Our last stop was at  Dunguaire Castle which wasn't entierly impressive and all the pictures were too dark to really come out but it was a nice way to end the day.

Day Two the bus left at 11:30am which meant we got to sleep in for which we were all grateful.  We weren't quite sure what exactly we would be stopping at all we knew was that we were going to Connemara.  Although I would've been happy to never see that bus again after Day One I climbed back on it hoping that sickness would not overwhelm my day as it had previously.  Although the bus still swayed like grass in the wind the roads were fairly straight on our journey so the sickness was minimal and manageable. Looking out the window as we drove we saw vast rolling hills dotted with puffy white sheep (and even a couple black ones!).  The first several stops in Connemara were in the Twelve Bens Mountains which were quite amazing.  They jutted so high into the clouds that they were almost obscured by the clouds although I got a few pictures where the tops were visible although in a haze. 

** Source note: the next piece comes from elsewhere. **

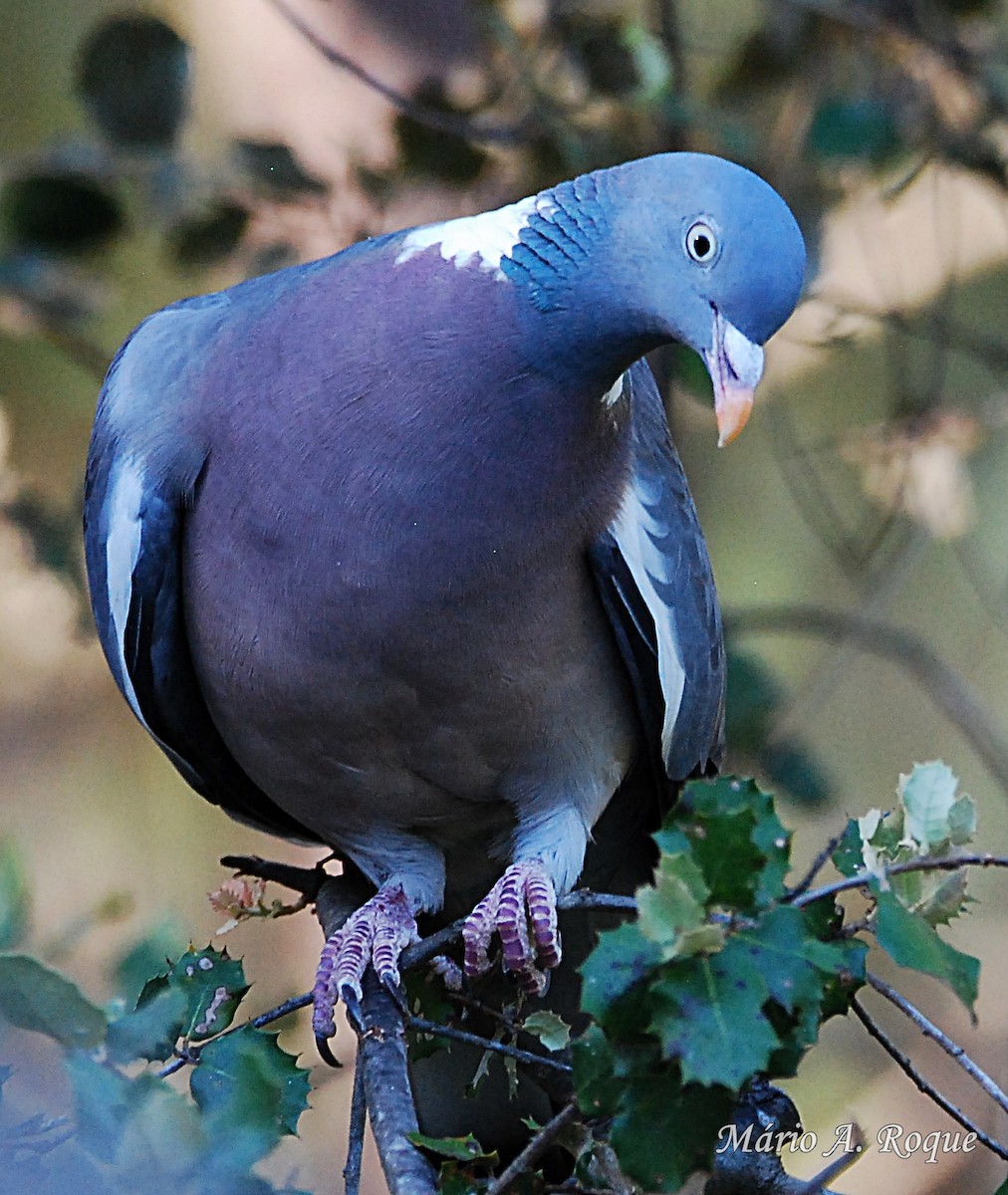 Common Wood-Pigeon - ML620021372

The jewel of the day was going to Kylemore Abbey.  Rounding the corner and first laying eyes on the abbey and the chapel on it's grounds was quite literally breathtaking.  After stopping in the cafe to have the most amazing lunch on the planet we browsed the gift shop because it was too early for the next tour.  We ended up getting really sidetracked in there and missing the tour so we had to explore for ourselves, which ended up not being such a bad thing after all.  The inside was beyond beautiful and all I could think was "People actually lived here??"  The Abbey was first a private castle and was sold to Benedictine nuns in the 1900s who ran a boarding school from 1920-2010.

I totally want to live here!




















After we explored inside the Abbey as much as we were allowed (several things were not open to the public) we went to the Gothic Church (no lie that's what it's called).  It was about a 10 minute walk from the main Abbey through the woods next to a gigantic lake.  We got the the church and were in awe of how beautiful it was.  Upon going inside I lit a candle and said a prayer before taking a lot of pictures highlighting its glory. 



However the real adventure happened on our walk back when after taking a couple photos by the lake the skies opened up again and hail began to pelt us.  Now as if that wasn't painful enough everything comes down sideways in Ireland so we were being pelted with hail that felt like rocks in the face. So with our scarves over our faces, barely being about to see, we made our way along the path praying to God that he would make the hail stop.  We tired bargaining everything from our grades to alcohol to our first born children.  The laugh was on us though because God ceased the hail and gave us rain instead.  Again with the sideways nature of precipitation, we got back to the bus soaked and laughing and a bit closer as a family.
Just a tad wet
I'm pretty sure I was asleep before the bus even left the grounds of the Abbey and I slept all the way to the wishing tree.  It is a tree in Connemara which you tie a piece of fabric to and make a wish before you leave.  Sadly I didn't have spare fabric to tie to the tree but I said a wish before getting back on the bus anyways - not that I could tell you all what is is or it won't come true!  Also, wherever this tree was located was absolutely beautiful (I don't know where it is cause I was asleep when we were told all about it).


When we got home I swiftly collapsed into bed and drifted off to a very deep restful and beautiful sleep.  I will leave you with that and a promise to have a much shorter posts in the future!